Activity => A picture-free, exact copy of all the records below is the goal.

Material provided =>

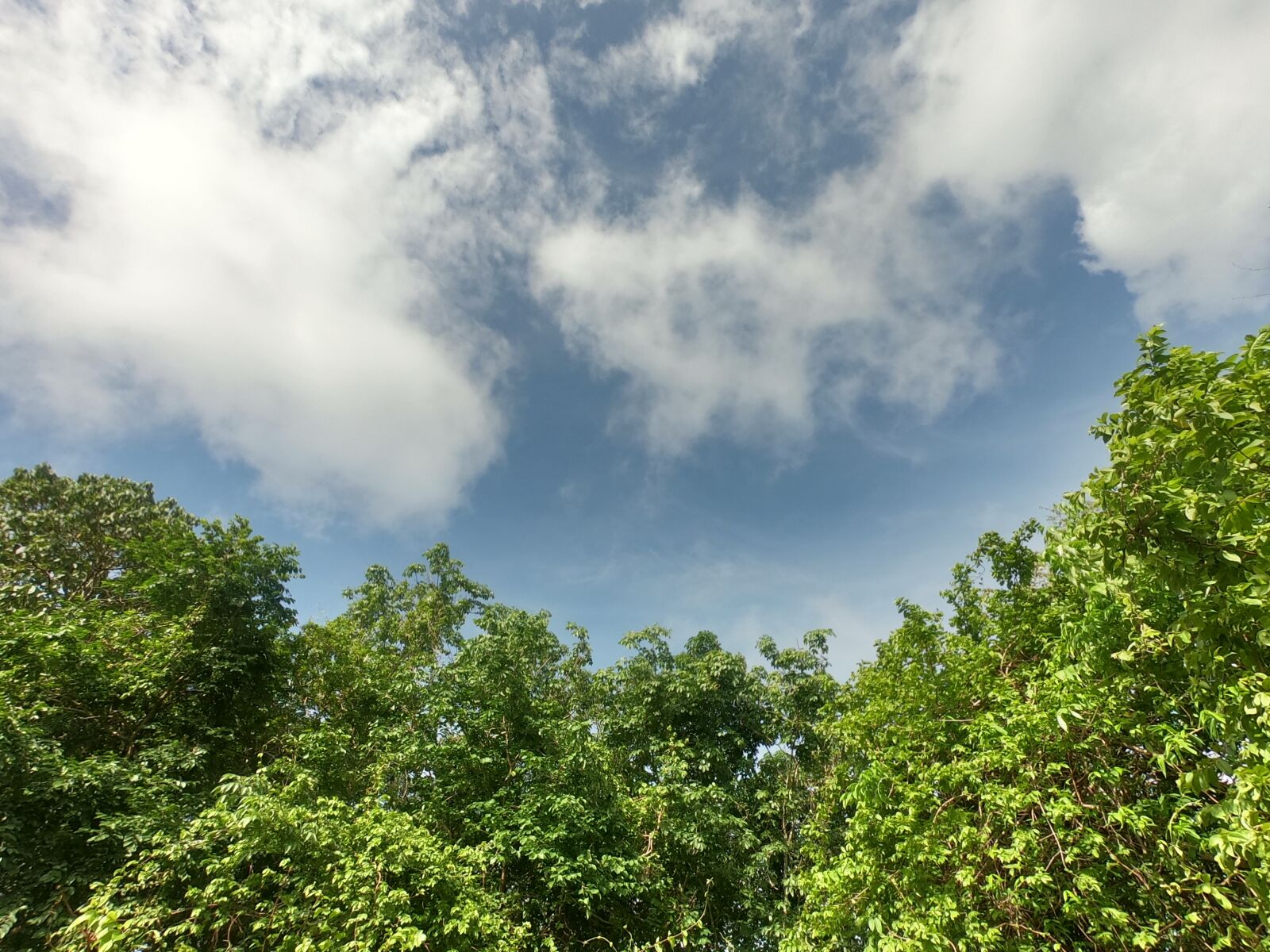 GoPro Hero7 Black sample photo. Sky, blue, kerala photography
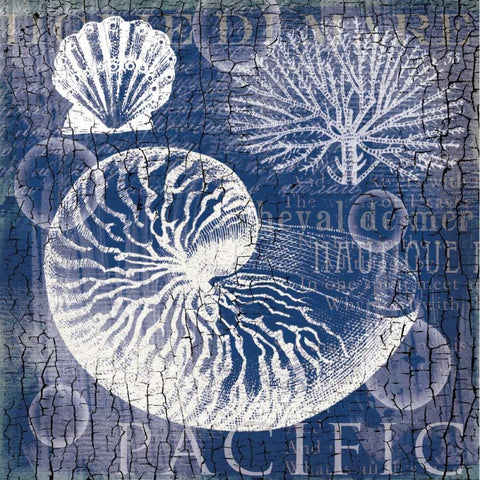 Navy Nautilus Black Ornate Wood Framed Art Print with Double Matting by Lula Bijoux and Company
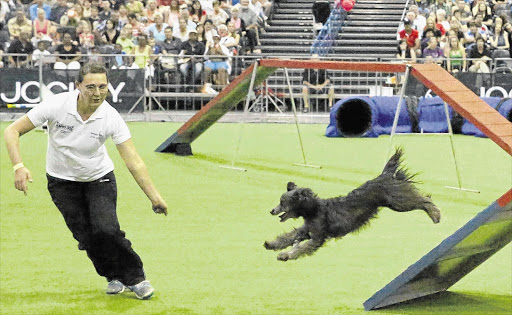 DOGGONE: Annett Fiebig of Germany and her dog Jim Knopf tackle an obstacle course at the Cynologique International Agility World Championship. The objective is to complete a round as quickly as possible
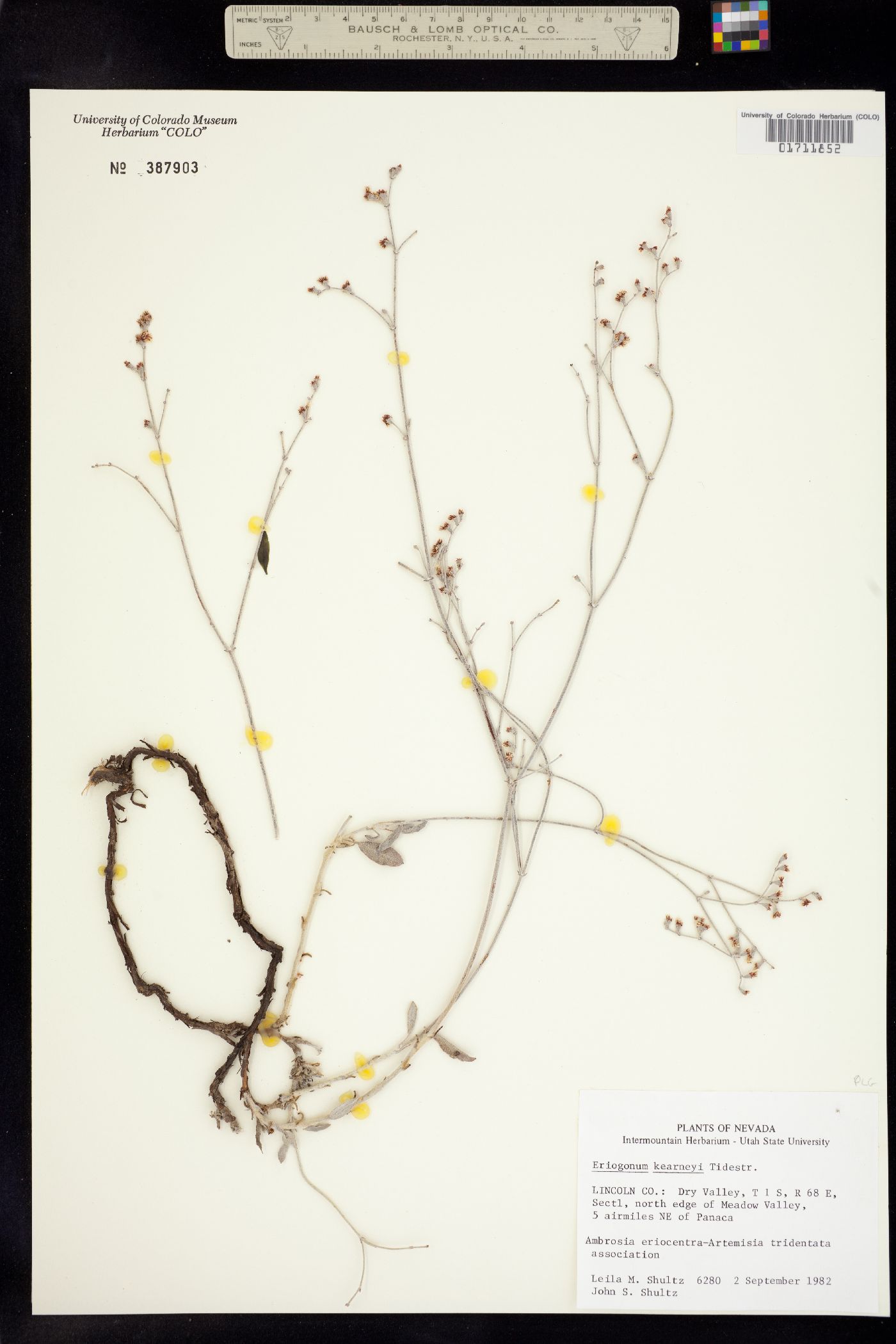 Eriogonum nummulare image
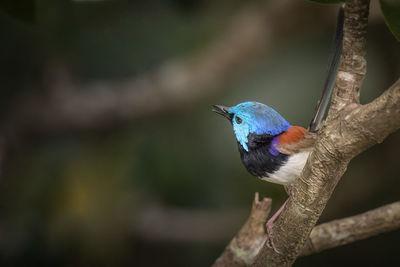 Close-up of bird perching on branch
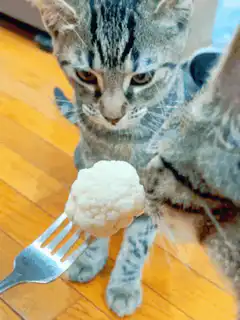 Cat curious about cauliflower on fork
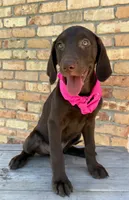 Pink collar female, a female Labrador Retriever for sale in Sulphur Springs, TX – 5 of 8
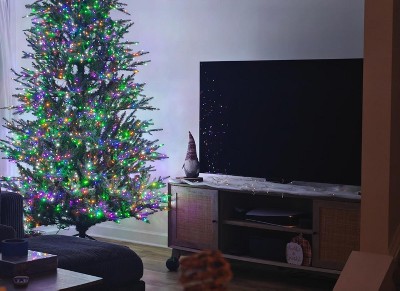 Guest review image 2 of 4, zoom in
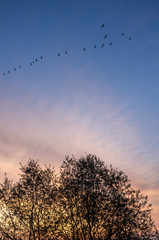 Vol d'oiseau au levé du soleil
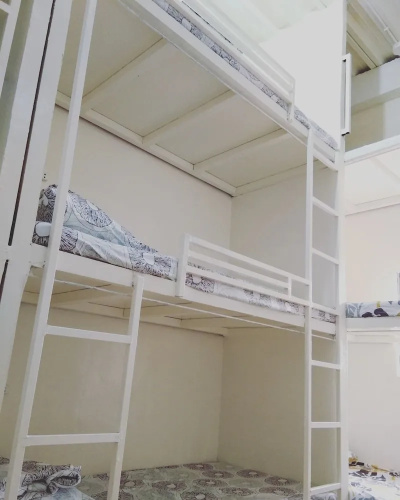 Bee-Force Backpackers - Hostel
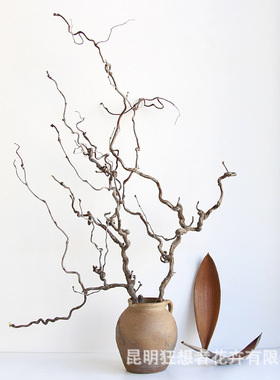 狂想者新品【天然龙枣枝】原木家居摆件装饰龙爪插花禅意干花艺术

Written solution =>
 GoPro Hero7 Black sample photo. Sky, blue, kerala photography
 Navy Nautilus Black Ornate Wood Framed Art Print with Double Matting by Lula Bijoux and Company
 DOGGONE: Annett Fiebig of Germany and her dog Jim Knopf tackle an obstacle course at the Cynologique International Agility World Championship. The objective is to complete a round as quickly as possible
 Eriogonum nummulare image
 Close-up of bird perching on branch
 Cat curious about cauliflower on fork
 Pink collar female, a female Labrador Retriever for sale in Sulphur Springs, TX – 5 of 8
 Guest review image 2 of 4, zoom in
 Vol d'oiseau au levé du soleil
 Bee-Force Backpackers - Hostel
 狂想者新品【天然龙枣枝】原木家居摆件装饰龙爪插花禅意干花艺术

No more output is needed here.